**AVAILABLE DATA:**

++++++

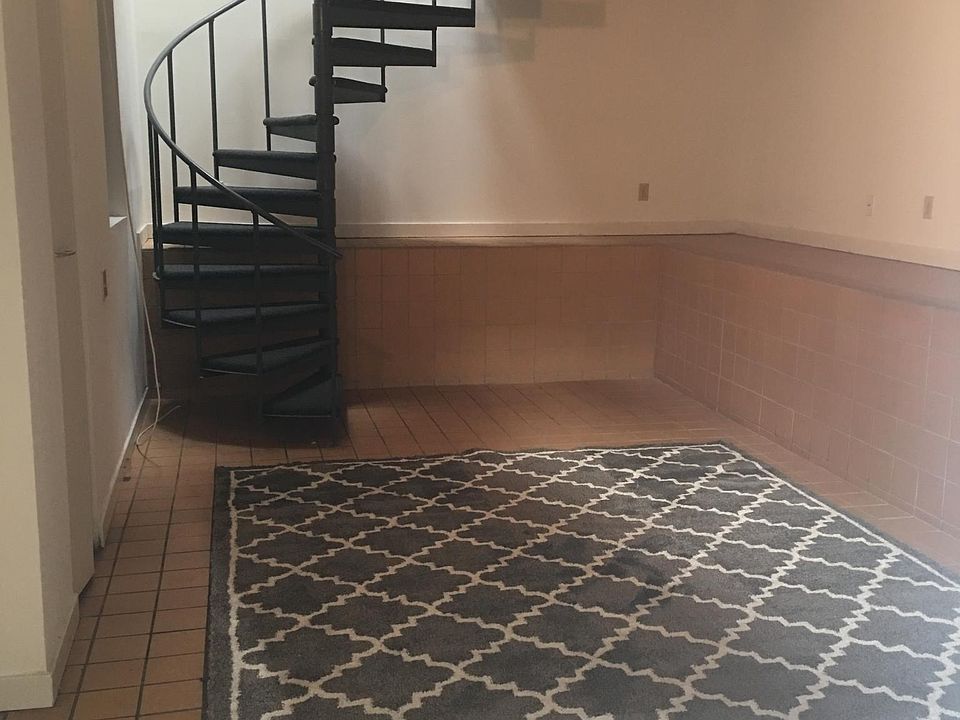 1st image of 2629 Brown St APT 402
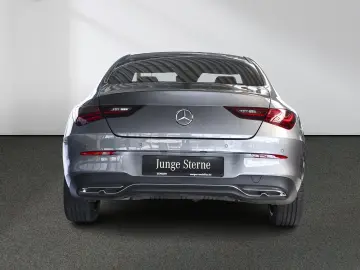 MERCEDES-BENZ CLA 200 Progressive Distronic LED 360 -Kamera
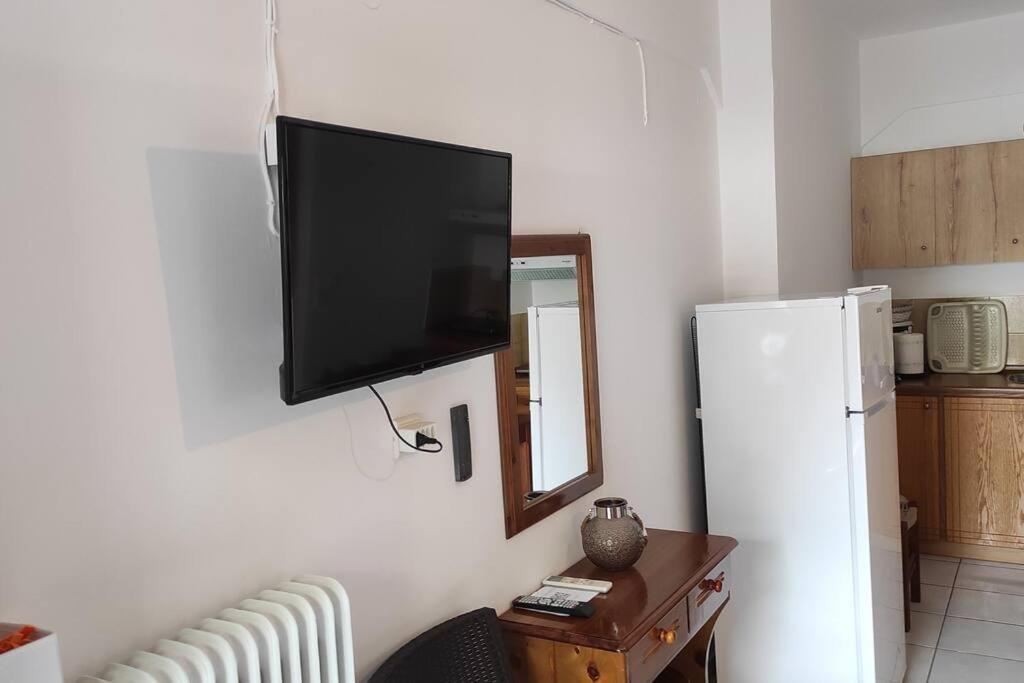 One-Bedroom Apartment - Photo 3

++++++

**TASK GOAL:**
Please repeat the listing above word for word, with the pictures removed.

**RESPONSE AREA:**
 1st image of 2629 Brown St APT 402
 MERCEDES-BENZ CLA 200 Progressive Distronic LED 360 -Kamera
 One-Bedroom Apartment - Photo 3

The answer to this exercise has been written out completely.